1. We have extended our simulations of neurons in 49 cortical columns to include a neuromorphic device that intermittently records from and stimulates 4 cortical columns. The device is meant to create a second, desired visual geometry in which discrete phosphenes are unified. Multinomial logistic regression analyses of spike frequency distributions from simulations that do and do not include the device classify expected numbers of phosphenes with accuracy greater than 99%. This result is important because it demonstrates that adding a second, desired visual geometry with the goal of unifying discrete phosphenes alters spike frequency distributions in a way that permits correct classification of the number of expected phosphenes.
2. We have performed additional multinomial logistic regression analyses of spike frequency distributions which classify expected perceptions of local lightness maxima (phosphenes) on one or more regions of the visual geometry (locations in visual space). The lowest classification accuracy is 98.99% correct for a control parameter value of 40 spikes/s. Accuracy is 100% correct for control parameter values of 50 spikes/s and 60 spikes/s. These results are important because it seems likely that information on local lightness maxima on regions of the visual geometry underlies classifications of the number of phosphenes.
3. We have devised three methods of visualizing spike frequency distributions in an effort to understand properties of the distributions that underlie the above classifications. One method demonstrates that distributions contain information on the column or columns which receive electrical stimulation above the phosphene threshold. This information is exceptionally clear when the control parameter = 60 spikes/s, as shown by the example labeled Figure A. The second method reveals differences between distributions that are produced by changes in synaptic strengths that are introduced in order to alter the visual geometry and thereby unify discrete phosphenes. This method is illustrated by the example labeled Figure B. The third method reveals the dominant difference or differences between distributions that are produced by altering synaptic strengths. This method is illustrated by the example labeled Figure C. All three methods are effective for network alone simulations and for simulations that include the neuromorphic device. These results are important because knowing the columns stimulated and the visual geometry is sufficient for identification of local lightness maxima on regions of the visual geometry.

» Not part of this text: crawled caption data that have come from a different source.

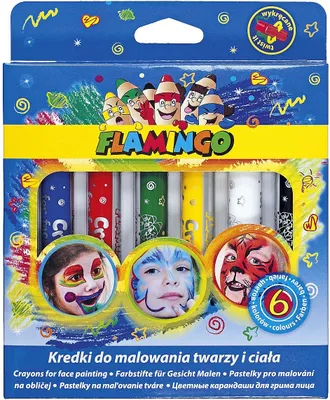 Produktbild von Gesichtsmalerei Buntstifte 6 Stück Flamingo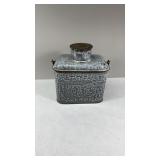 Gray Granite Lunch Pail With Bail and Wood Grip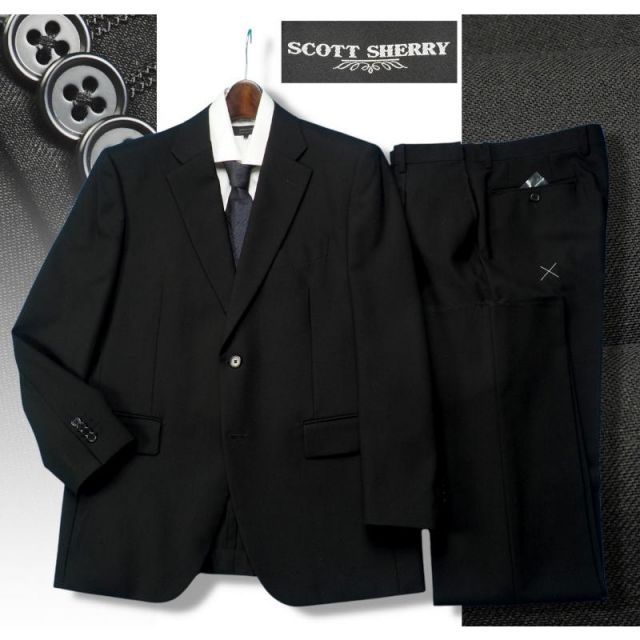 新品 10マンス 超濃染 ウール混 ストレッチ アジャスター付き ブラック シングル スーツ/礼服BB3黒(A) 2404090
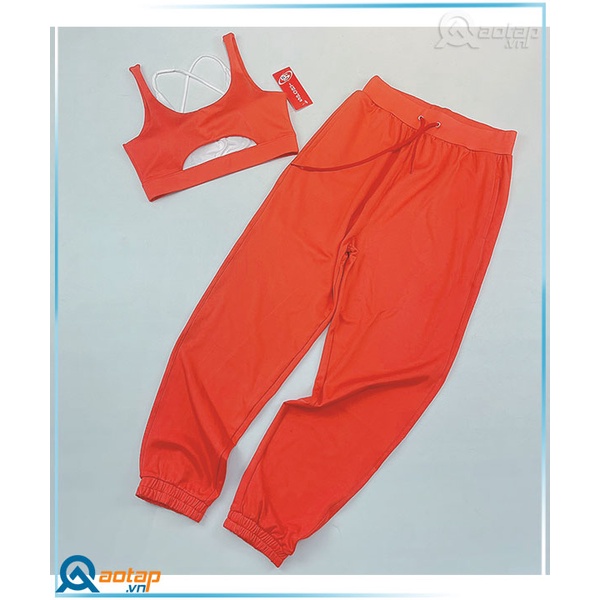 Set Tập Dài Bra 2 Lớp Phối Quần Jogger 2 Túi Cam - Quần Áo Thể Thao Nữ Mẫu Mới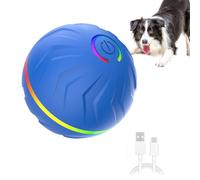 Juguetes interactivos para perros en movimiento, bola rodante activa para perros,Pelota de juguete para mascotas con pelota que rebota automática | Pelota de juguete para recargable por USB, ju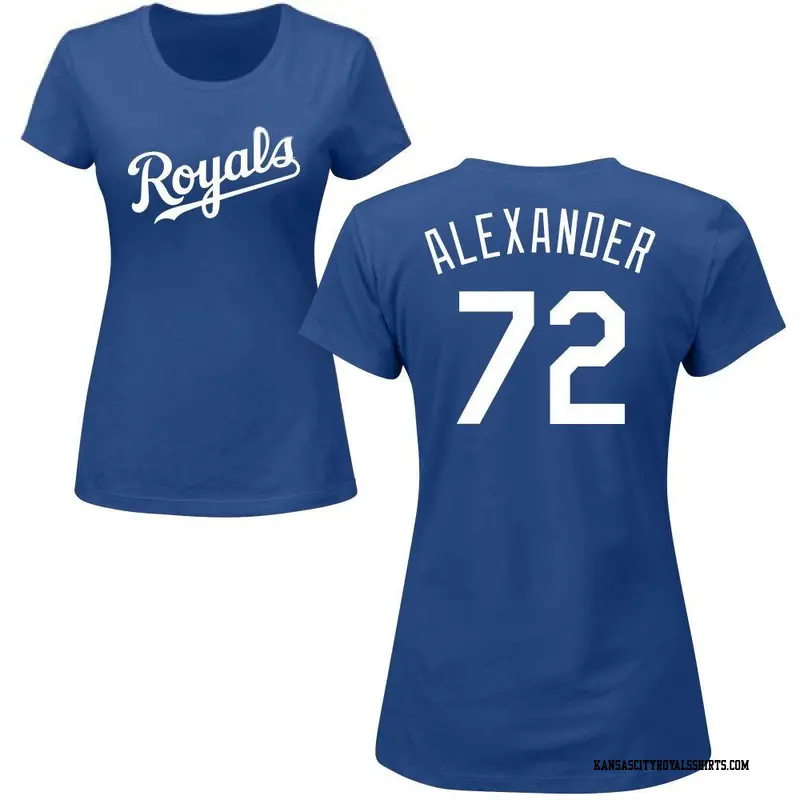 Women's Kansas City Royals ＃72 CJ Alexander Royal Roster Name & Number T-Shirt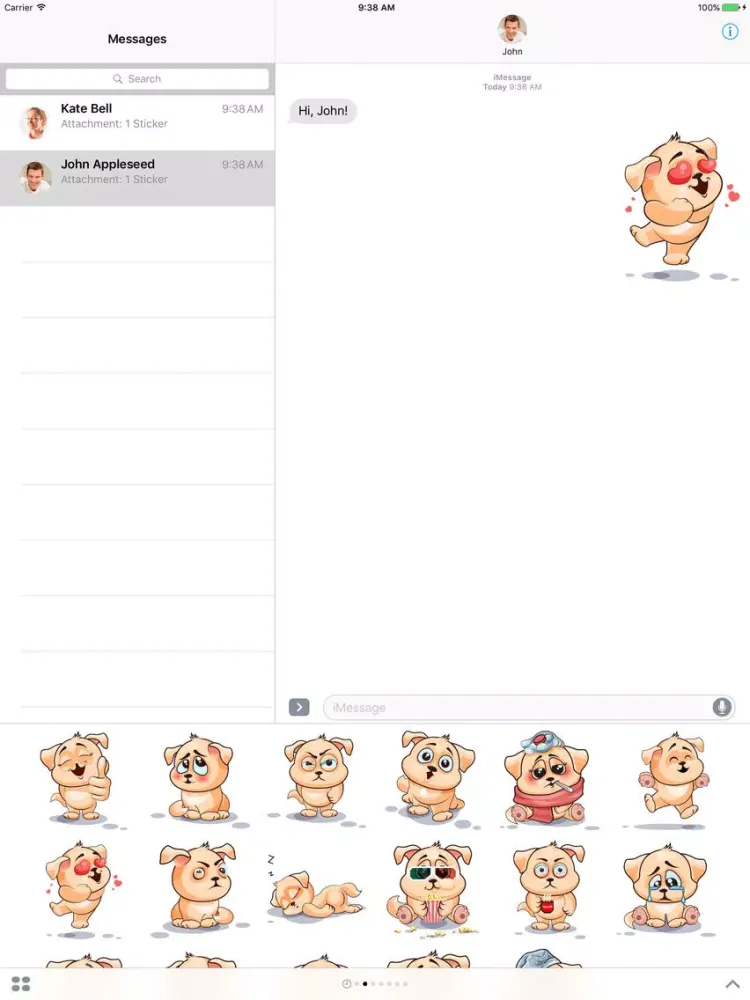 Dog - Stickers for iMessage iPad Screenshots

Surfaces estimated from mean excitatory neuron spike frequencies for simulations of 10 seconds duration are shown for the case of stimulation of columns 5 and 12. The data are from simulations that include the neuromorphic device. The locations of columns 5 and 12 are highlighted using semi-transparent cylinders. Note that the graphic has been rotated through 180° (turned upside down) in order to reveal the low frequencies in stimulated columns. This visualization is made possible by subtracting mean spike frequencies obtained from simulations in which no columns receive above phosphene threshold stimulation. The graphic in the left panel illustrates frequencies for simulations that use the normal geometry, and the graphic in the right panel illustrates frequencies for simulations that use an altered geometry in which synaptic strengths have been changed so that the visual regions corresponding to columns 4 and 5 are each set equal to the union of regions 1 and 4 and 5.

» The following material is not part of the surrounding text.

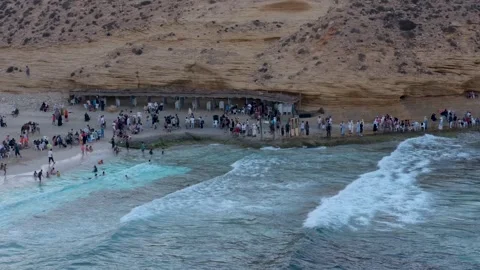 11 August 2025: View of the famous Ageeba beach, Marsa Matrouh, Egypt Video stock 332305098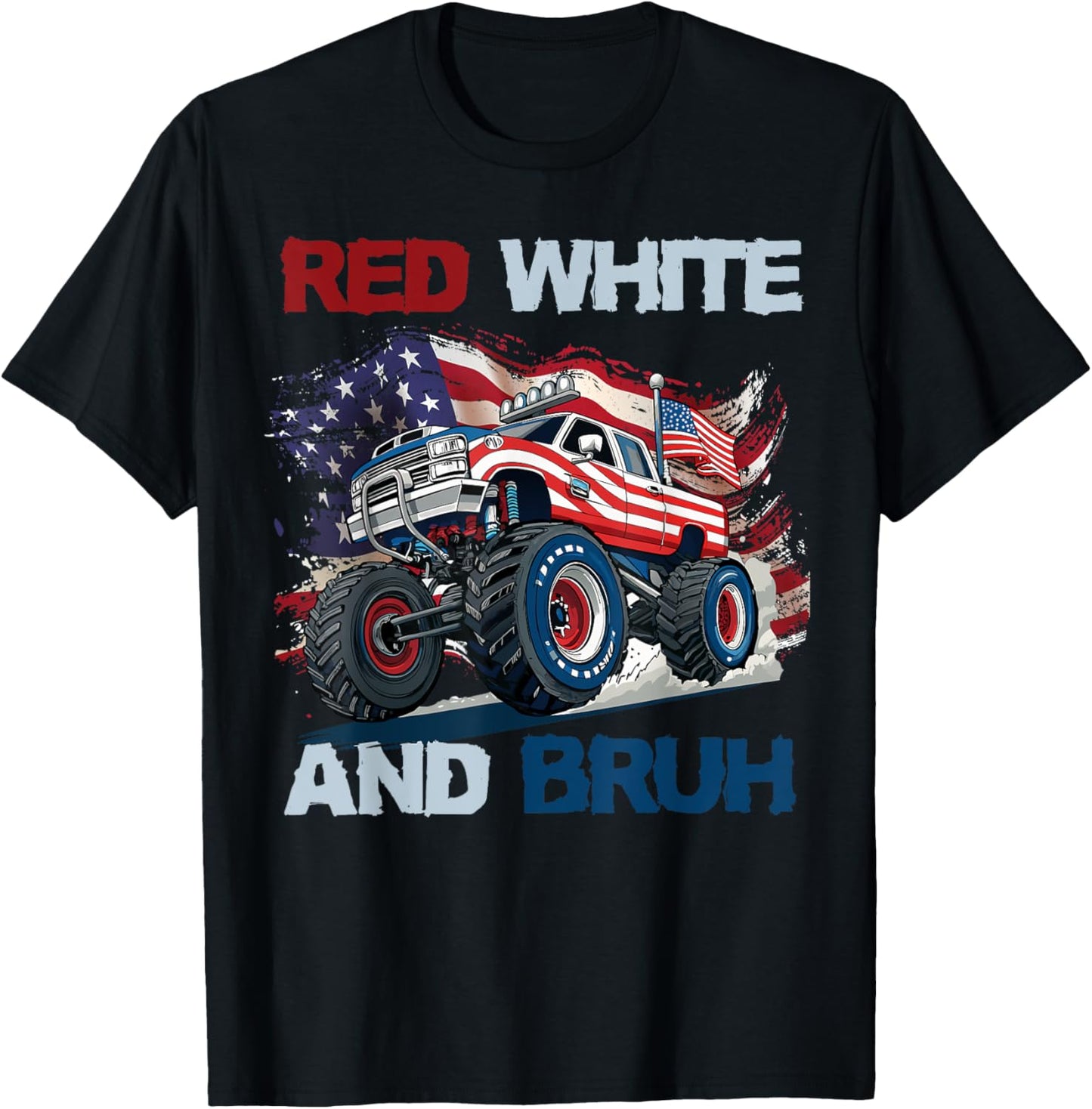 4th Of July Monster Truck American Flag Kids Boys Patriotic T-shirt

Array plots are shown for the mean excitatory frequencies depicted in Figure A in order to make possible visualization of differences between the frequency distributions for the normal (left) and altered (right) visual geometry data. The correspondence between column numbers and positions in the arrays are given in the table in the rightmost panel of this figure. The color spectrum shown between the colored array graphics is anchored to the minimum and maximum frequencies for all stimulation conditions. Note that neurons in columns 5 and 12 have the lowest frequencies. The positions in the arrays that are labeled using the integers 1-5 are examples of visually obvious differences in frequencies that arise from differences in the visual geometries.

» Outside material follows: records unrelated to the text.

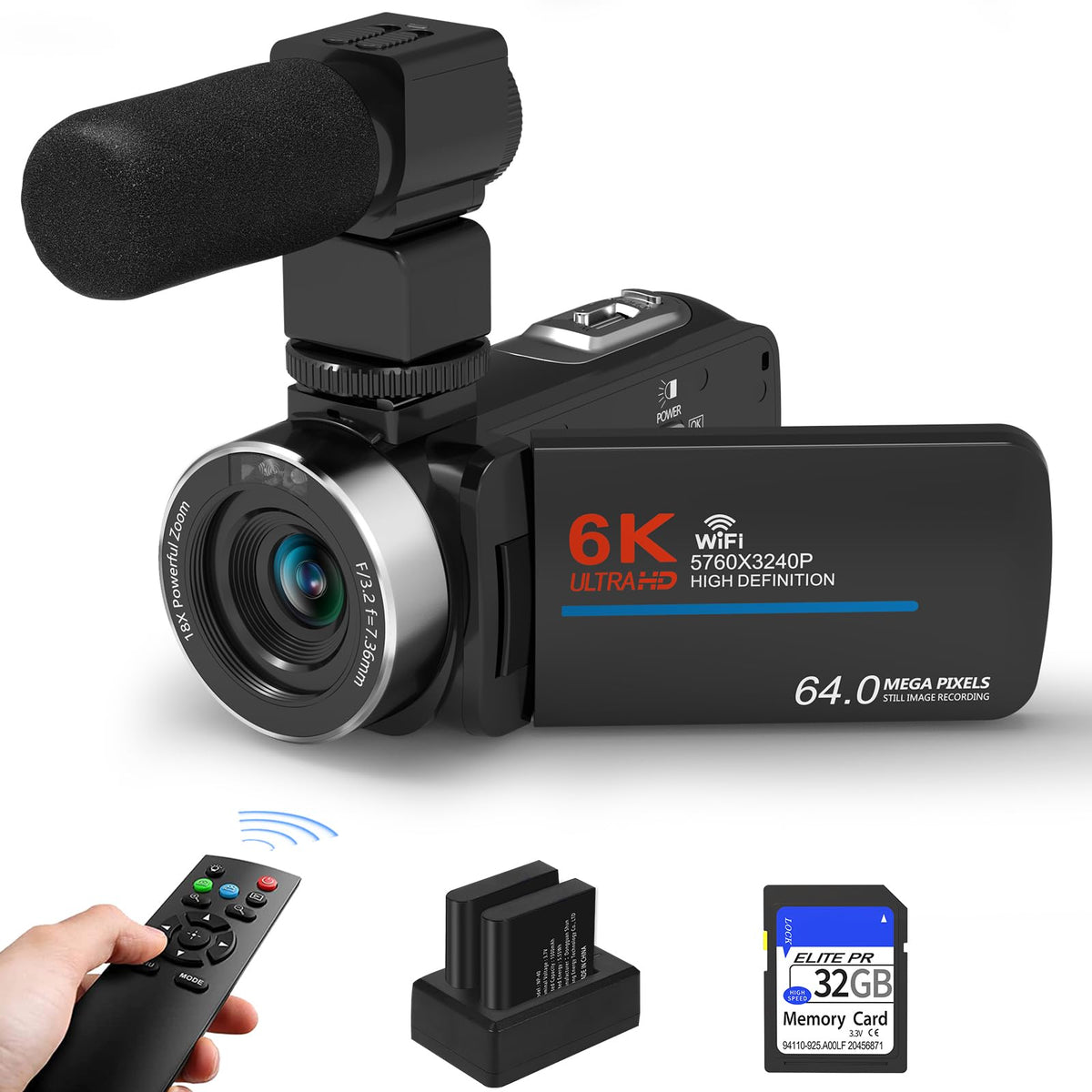 8K Video Camera, 48MP Vlogging Camcorder With IR Night Vision for Youtubers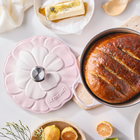 Le Creuset Cast Iron Signature Petal Round Casserole 26cm Shell PinkShell Pink image number 9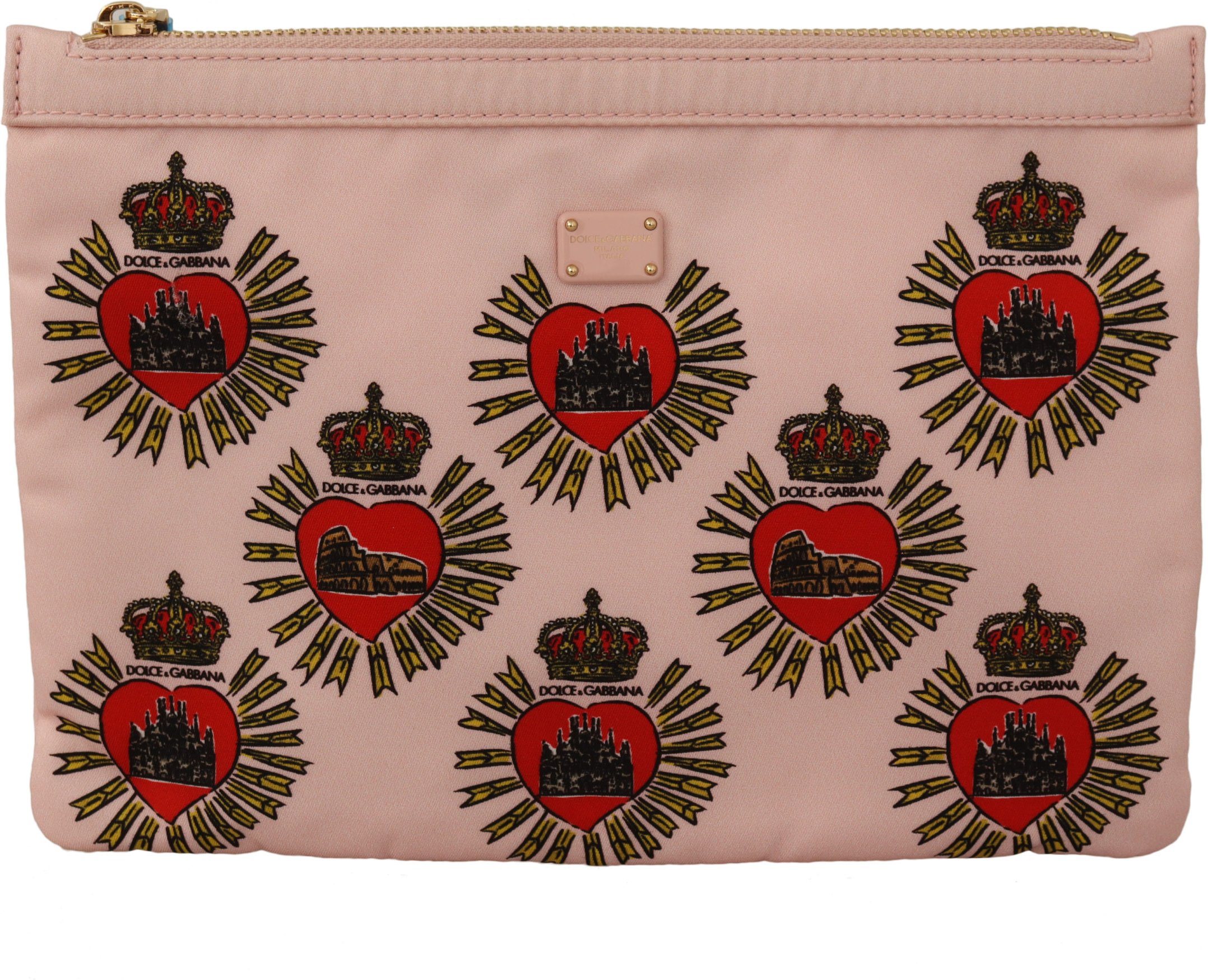 Dolce & Gabbana Clutch Pink D & amp; g Logo Devotion Heart Nylon Pouche de femme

A visualization that captures the dominant differences between the frequency distributions for the normal and altered visual geometry data is shown. The absolute value of the ratio of the difference in spike frequencies for the normal and altered geometries that are plotted in Figure A is computed and displayed as an estimated surface. In this example the peak occurs over column 5. Not all stimulation conditions produce such large maxima in ratios that are localized at one or more stimulated columns. However, almost all conditions produce easily visualized maxima.
This patented subject matter and technology, titled “Sense Element Engagement Process of Cortical Prosthetic Vision by Neural Networks,” relates to cortical prosthetic vision processes and, specifically, to production of cortical prosthetic vision by neural networks via a sense element engagement process.
Covered by: US Patent No. 11,769,034; PCT International Patent Application No. PCT/US22/81153.